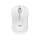 Mouse Logitech M240 Bluetooth white (910-007120)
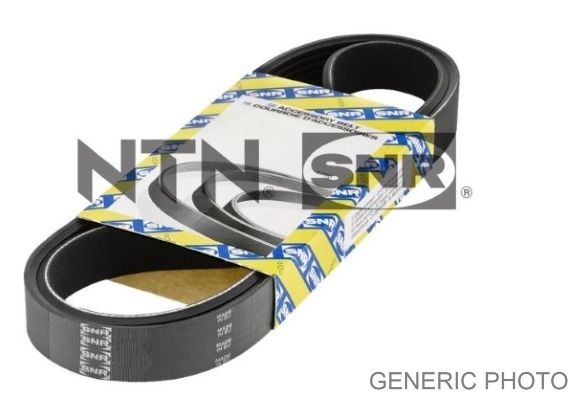 SNR Moniurahihna CA6PK1130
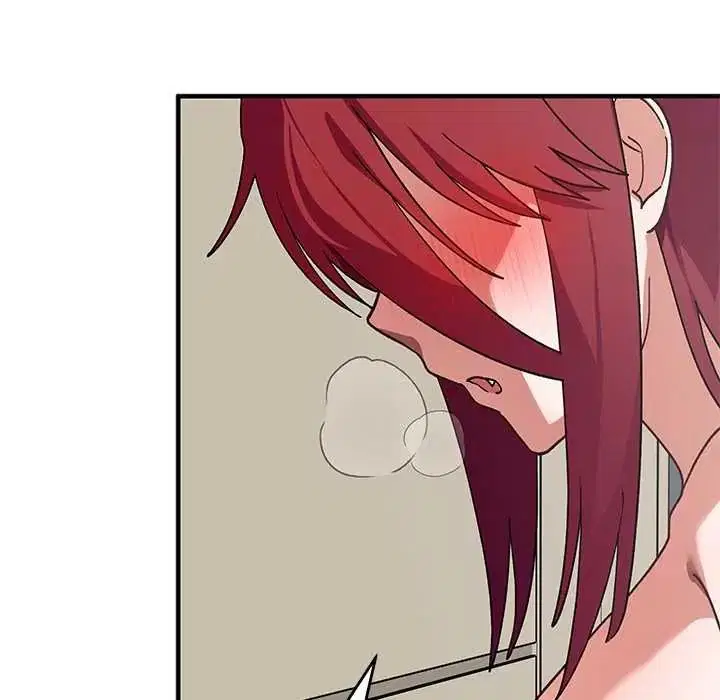 第34話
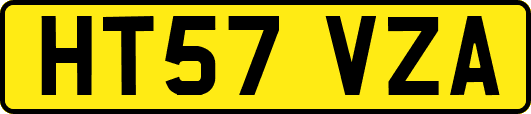HT57VZA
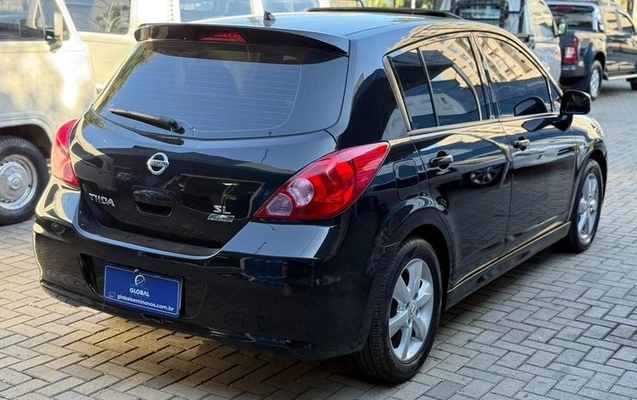 imagem-https://www.socarrao.com.br/sc-vehicle-images-prod/965422/1781621126898-7836124_4_B_aa9dea9f2e.jpeg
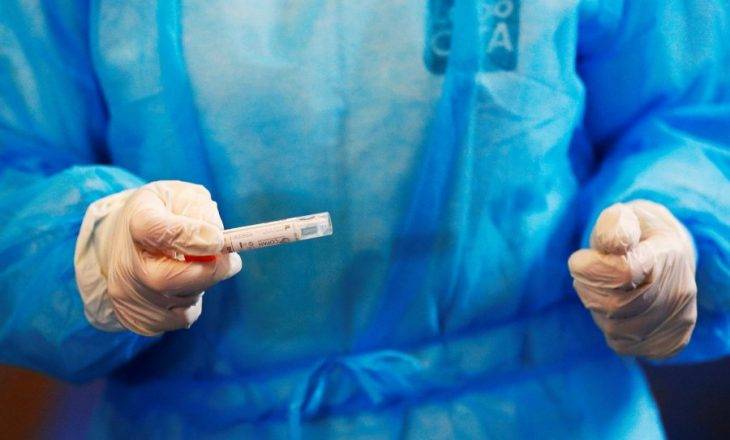 23 Yeni Vaka ve 22 İyileşen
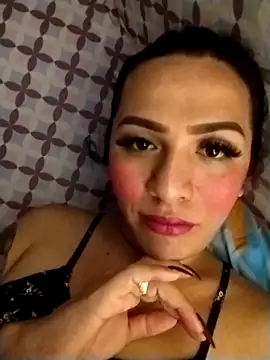 enoria1992 online show from 02/13/26, 12:34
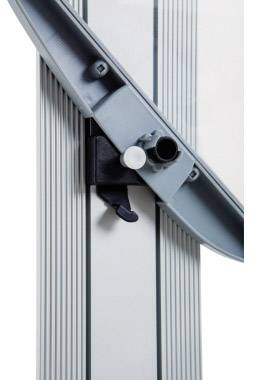 Prospektständer Metall-2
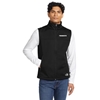 Picture of The North Face® Men's Ridgewall Soft Shell Vest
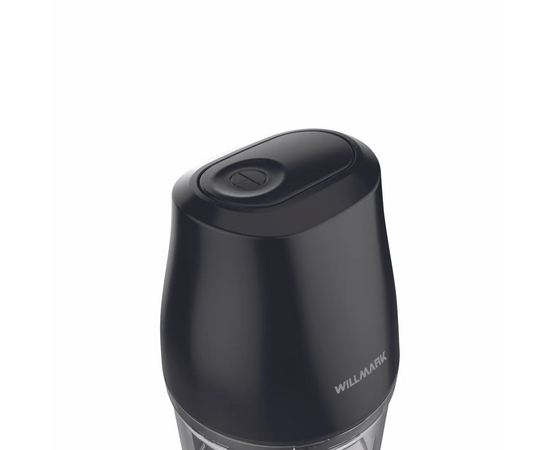  Измельчитель WILLMARK WMC-4102 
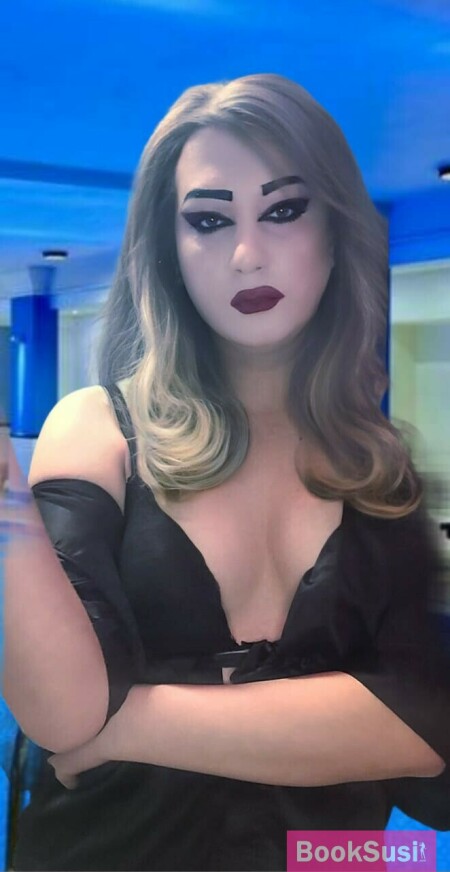 Ts Engii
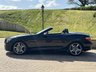 USED 2012 12 MERCEDES-BENZ SLK 2.1 SLK250 CDI BLUEEFFICIENCY AMG SPORT 2d 204 BHP FULL SERVICE HISTORY.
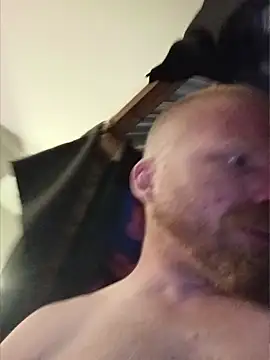 cockycummer webcam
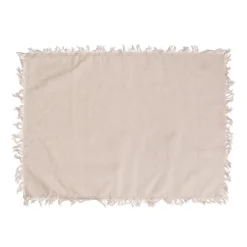 Fabrique de Styles Sets De Table*Set de table x2 nalia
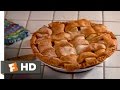 American Pie Official Trailer #1 - (1999) HD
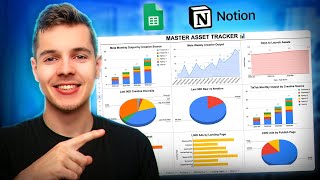 The EXACT Systems I Use to Make 1,000+ Facebook Ads/mo in 2025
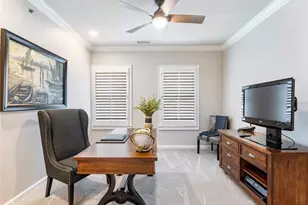 21 Buford Village Walk, Buford, GA 30518 - Photo 41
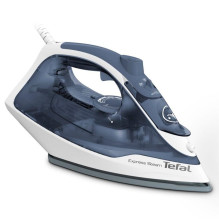 Iron Tefal FV2837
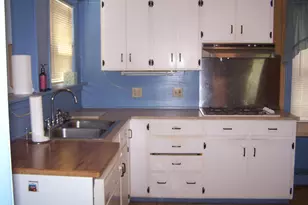 83 Elmwood Rd, Auburn, ME 04210 - Photo 6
▬▬▬▬▬▬▬▬▬▬
**EXERCISE REQUIREMENTS**
Copy exactly the lines running from the line with "Picture of The" to the final line of the listing, keeping both ends and dropping any picture.

**EXERCISE SOLUTION**
 Picture of The North Face® Men's Ridgewall Soft Shell Vest
  Измельчитель WILLMARK WMC-4102 
 Ts Engii
 USED 2012 12 MERCEDES-BENZ SLK 2.1 SLK250 CDI BLUEEFFICIENCY AMG SPORT 2d 204 BHP FULL SERVICE HISTORY.
 cockycummer webcam
 Fabrique de Styles Sets De Table*Set de table x2 nalia
 American Pie Official Trailer #1 - (1999) HD
 The EXACT Systems I Use to Make 1,000+ Facebook Ads/mo in 2025
 21 Buford Village Walk, Buford, GA 30518 - Photo 41
 Iron Tefal FV2837
 83 Elmwood Rd, Auburn, ME 04210 - Photo 6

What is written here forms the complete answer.